Data excerpt:
#####
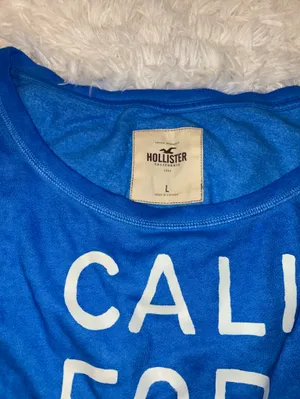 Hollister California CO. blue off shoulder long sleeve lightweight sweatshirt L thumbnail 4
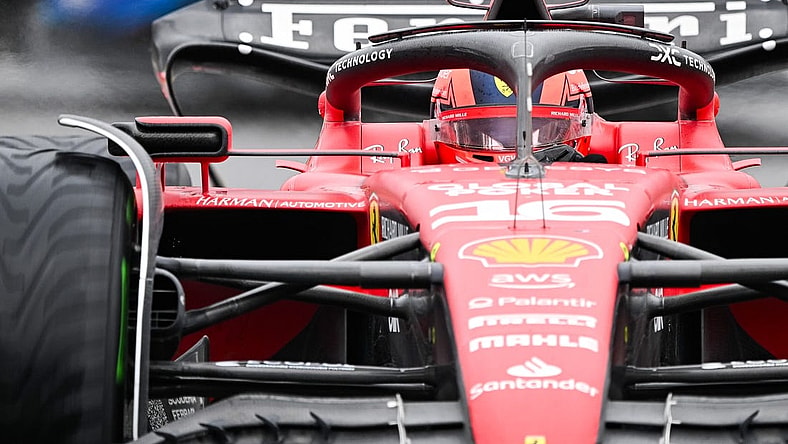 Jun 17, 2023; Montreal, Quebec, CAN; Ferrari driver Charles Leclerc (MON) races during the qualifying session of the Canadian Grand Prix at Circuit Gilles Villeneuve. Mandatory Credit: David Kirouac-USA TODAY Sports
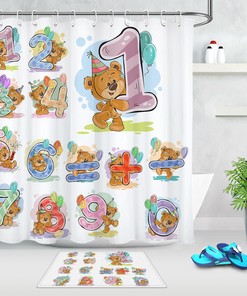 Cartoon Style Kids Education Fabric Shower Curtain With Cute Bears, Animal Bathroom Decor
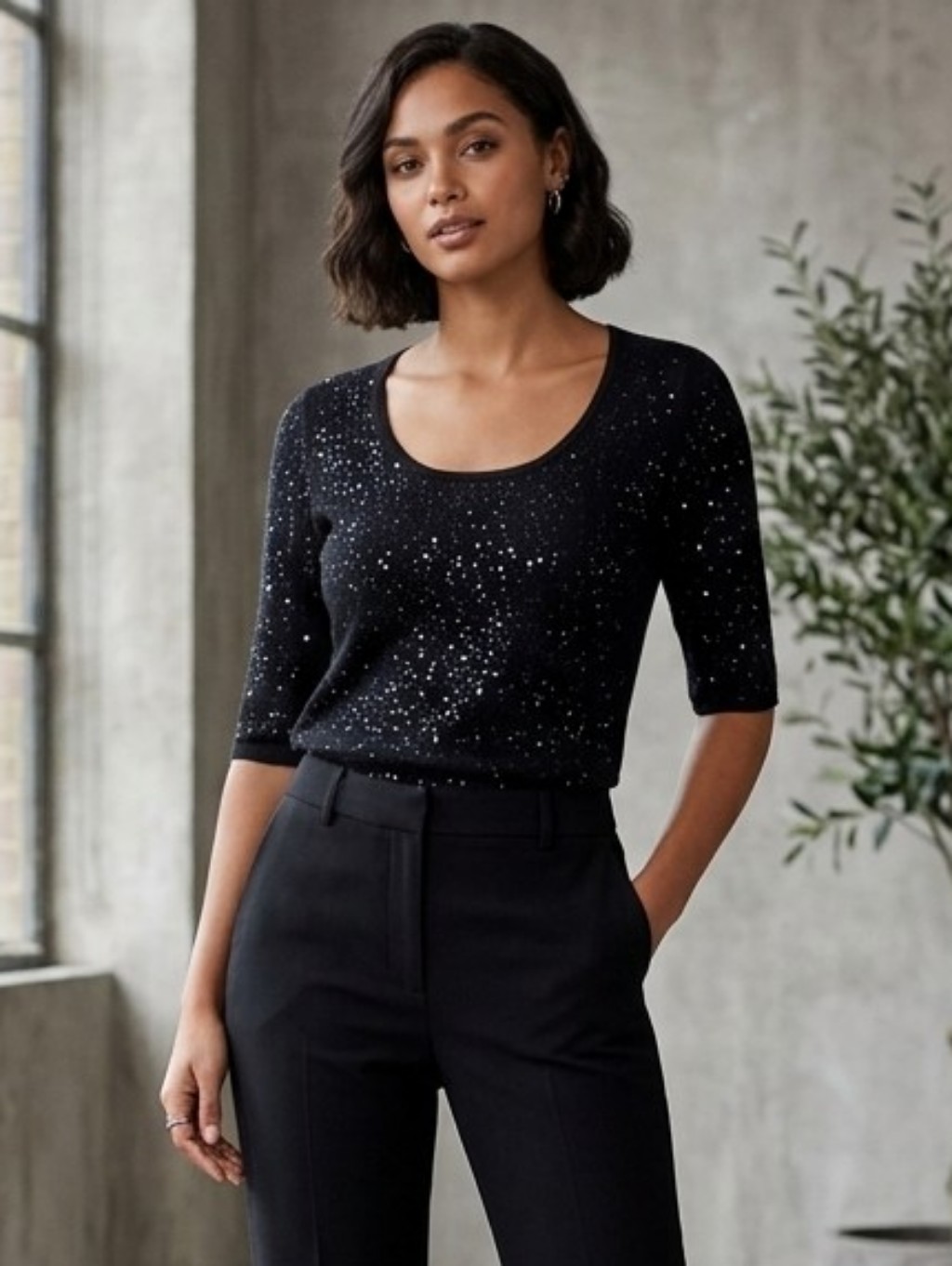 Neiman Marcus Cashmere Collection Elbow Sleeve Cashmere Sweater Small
#####
Copy out all the data above exactly as written. Skip the pictures.

Result:
 Hollister California CO. blue off shoulder long sleeve lightweight sweatshirt L thumbnail 4
 Jun 17, 2023; Montreal, Quebec, CAN; Ferrari driver Charles Leclerc (MON) races during the qualifying session of the Canadian Grand Prix at Circuit Gilles Villeneuve. Mandatory Credit: David Kirouac-USA TODAY Sports
 Cartoon Style Kids Education Fabric Shower Curtain With Cute Bears, Animal Bathroom Decor
 Neiman Marcus Cashmere Collection Elbow Sleeve Cashmere Sweater Small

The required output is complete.